Delhi has zero professional tax. Does this mean my EPF deduction is slightly different than my Mumbai friend?

No — Delhi's zero professional tax does not affect EPF deduction. EPF is calculated on 'basic wages' under the Employees' Provident Funds and Miscellaneous Provisions Act, and basic wages are determined by your employment contract before any state-specific deductions. Professional tax is a state levy deducted from the net salary after EPF, income tax, and other statutory deductions — it operates on gross salary computation, not on the EPF base. Your EPF deduction at 12% on basic wages (up to EPFO ceiling Rs 15,000) = Rs 1,800/month is identical regardless of PT status. What Delhi's zero PT gives you is marginally higher take-home: Rs 208/month (the Maharashtra PT equivalent) or Rs 91-100/month (Tamil Nadu equivalent) stays in your pocket rather than going to the state government. Over 25 years at 12% CAGR, this PT saving of Rs 200-208/month: approximately Rs 36,000-38,000 additional corpus. Modest but real. The more significant Delhi advantage vs Mumbai is the housing cost: at identical CTC and EPF, a Delhi professional living in Noida or Gurugram at Rs 15,000/month rent vs Mumbai professional at Rs 25,000 rent saves Rs 10,000/month = Rs 1,67,70,000 over 25 years at 12% CAGR. The EPF contribution itself is identical between Delhi and Mumbai at the same CTC structure.
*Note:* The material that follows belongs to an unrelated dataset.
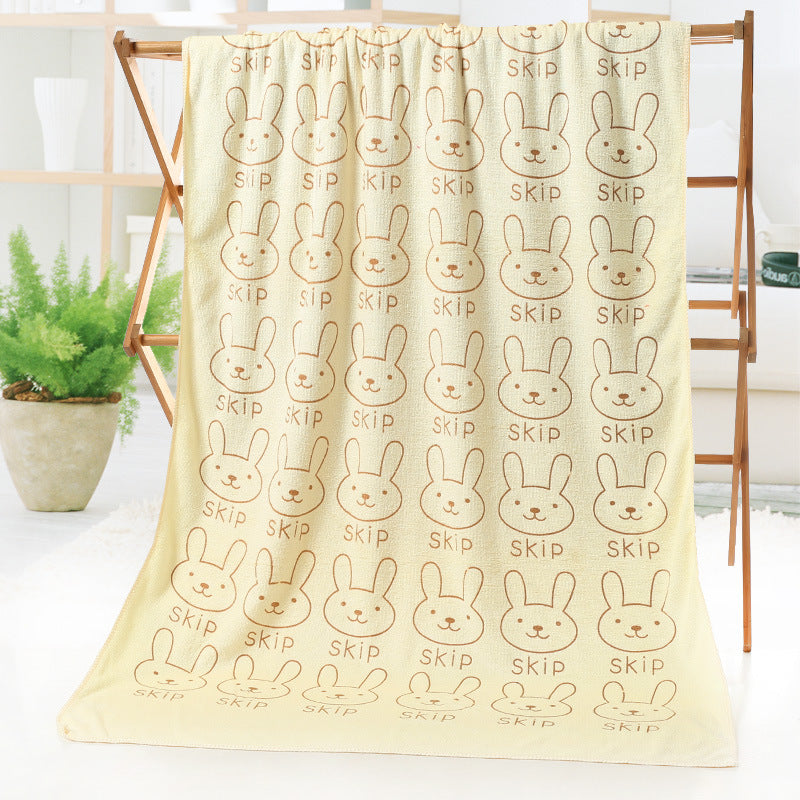 Beach towel cartoon print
I'm going to Canada for 3 years on work permit while maintaining my Delhi employer. Can I pause EPF contributions?

If you remain on your Delhi employer's payroll (receiving salary from an Indian entity) while working abroad: EPF contributions continue as per the EPF Act — both employee and employer must continue contributing even if you are physically present outside India. The EPF Act applies based on the employment relationship with an Indian employer, not your physical location. However, if you are seconded to a Canadian subsidiary or employer (Indian employer stops paying, Canadian entity pays): your Indian EPF contributions may cease, and the account becomes dormant. After 36 months of non-contribution: the account is classified as 'inoperative' by EPFO, and continues to earn interest but loses some digital claim features. Interest continues to accrue on dormant accounts until withdrawal or reactivation. On returning to India: rejoin your employer's EPF program. If the Canadian entity is an Indo-Canadian double contribution agreement employer: check for exemption from EPF while contributing to Canadian pension scheme (CPP). India has social security agreements with several countries — verify if India-Canada agreement covers EPF. If agreement exists: you may be exempt from Indian EPF while contributing to CPP. Practically, most Delhi IT employees seconded abroad simply maintain the dormant EPF account and resume contributions on return. The interest continues — there's no penalty for dormancy beyond the 36-month inoperative classification.